Did the circuit court have jurisdiction to grant declaratory relief challenging MCL 211.27 and assessor methods? Circuit court may decide facial/as-applied constitutional questions and declare statute invalid. Tax Tribunal has exclusive, original jurisdiction over assessment/valuation disputes; characterizing assessment complaints as constitutional does not divest Tribunal. Held for City: Circuit court lacked subject-matter jurisdiction because the claim was essentially a challenge to assessments; exclusive Tax Tribunal jurisdiction applies.

Key Cases Cited

  • Great Lakes Div. of Nat’l Steel Corp. v. City of Ecorse, 227 Mich. App. 379 (discussion of Tax Tribunal evidentiary standard and adoption of assessor values when supported by competent, substantial evidence)
  • Meadowlanes Ltd. Dividend Housing Ass’n v. City of Holland, 437 Mich. 473 (treatment of cost approach and consideration of federal subsidies and economic obsolescence for subsidized housing)

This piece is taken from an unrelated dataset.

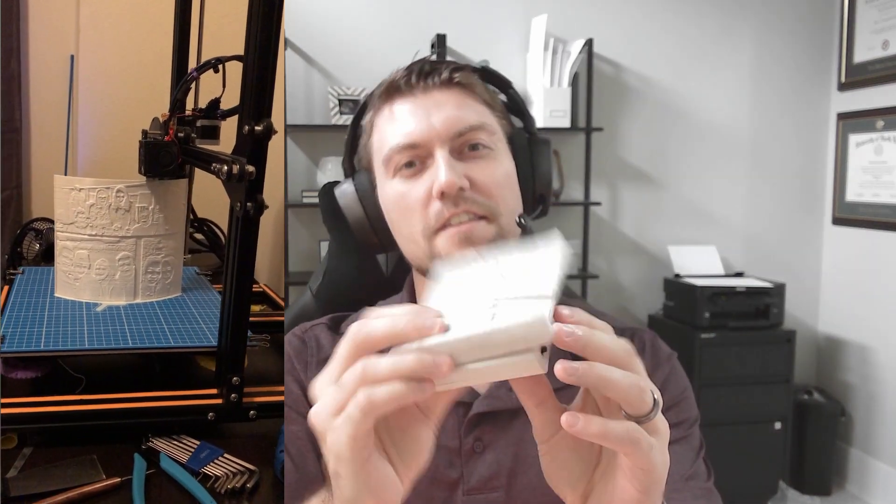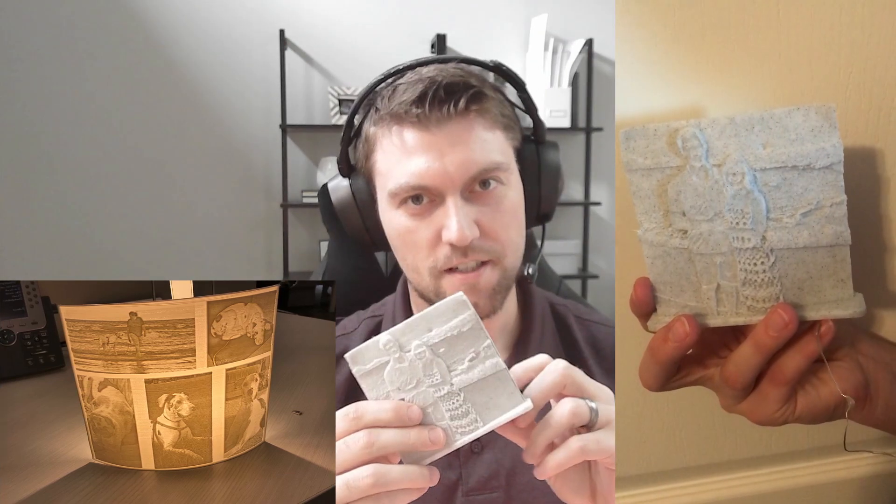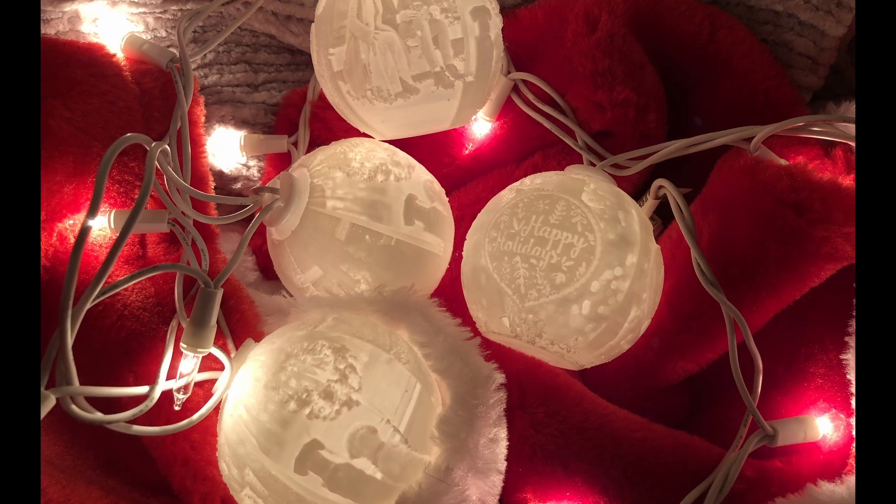The holidays are upon us and every year there's the same question: what do I get people? Last year was really fun — I was able to turn photos into 3D printed objects called lithophanes. The biggest problem with those was that they're really difficult to light up, but this year I think I found something even better than flat lithophanes: lithophane ornaments.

  • Michigan Properties, LLC v. Meridian Township, 491 Mich. 518 (standard of appellate review for Tax Tribunal; fraud/error of law/wrong principles limitation)

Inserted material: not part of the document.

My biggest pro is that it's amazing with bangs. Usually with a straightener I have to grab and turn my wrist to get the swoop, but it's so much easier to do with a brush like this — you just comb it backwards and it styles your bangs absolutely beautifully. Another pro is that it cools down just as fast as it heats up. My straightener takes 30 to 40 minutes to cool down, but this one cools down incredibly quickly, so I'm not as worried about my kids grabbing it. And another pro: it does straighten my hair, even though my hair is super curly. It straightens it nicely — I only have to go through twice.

  • Pontiac Country Club v. Waterford Township, 299 Mich. App. 427 (Tax Tribunal may adopt assessed valuation if supported by competent, substantial evidence; true cash value = fair market value)

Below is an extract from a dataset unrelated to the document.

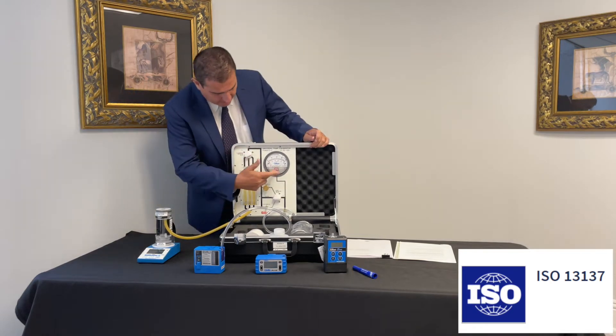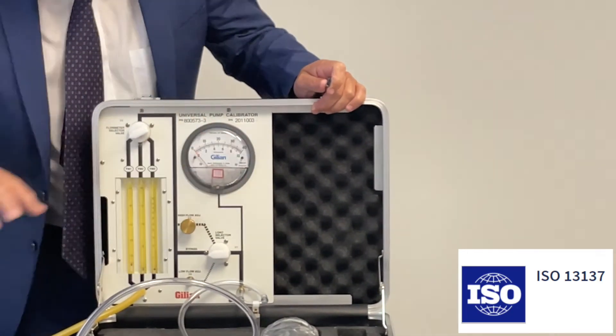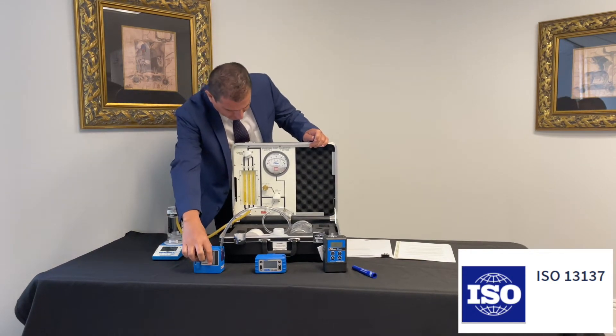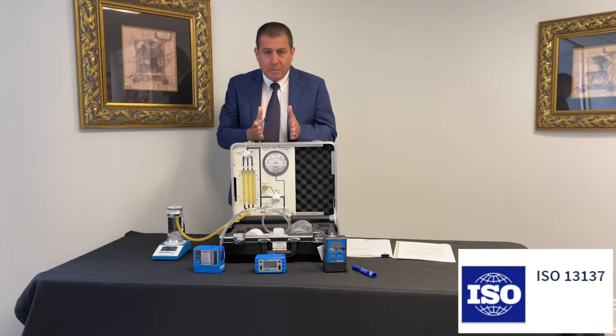Here we have a calibration system, a system with flow meters, a manometer gauge, and a primary flow calibrator. What we're going to do today is simulate back pressure. According to ISO 13137, there are certain important requirements.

  • CAF Investment Co. v. State Tax Commission (CAF I), 392 Mich. 442 (actual income is required consideration under earlier statute for income-capitalization approach)
  • CAF Investment Co. v. Saginaw Township (CAF II), 410 Mich. 428 (reaffirmation that actual income is controlling under prior statutory regime)
  • Pinelake Housing Coop v. Ann Arbor, 159 Mich. App. 208 (approved a particular income-capitalization approach for a co-op under narrow facts)
  • Colonial Square Coop. v. Ann Arbor, 263 Mich. App. 208 (uncapping: municipality must track transfers and cannot simply uncap entire parcel proportionally without demonstrating which units transferred)
  • President Inn Prop., LLC v. Grand Rapids, 291 Mich. App. 625 (Tax Tribunal de novo review; burden of proof in property tax hearings)
Read the full case

Case Details

Case Name: Forest Hills Cooperative v. City of Ann Arbor
Court Name: Michigan Court of Appeals
Date Published: Jun 12, 2014
Citation: 305 Mich. App. 572
Docket Number: Docket Nos. 305194 and 306479
Court Abbreviation: Mich. Ct. App.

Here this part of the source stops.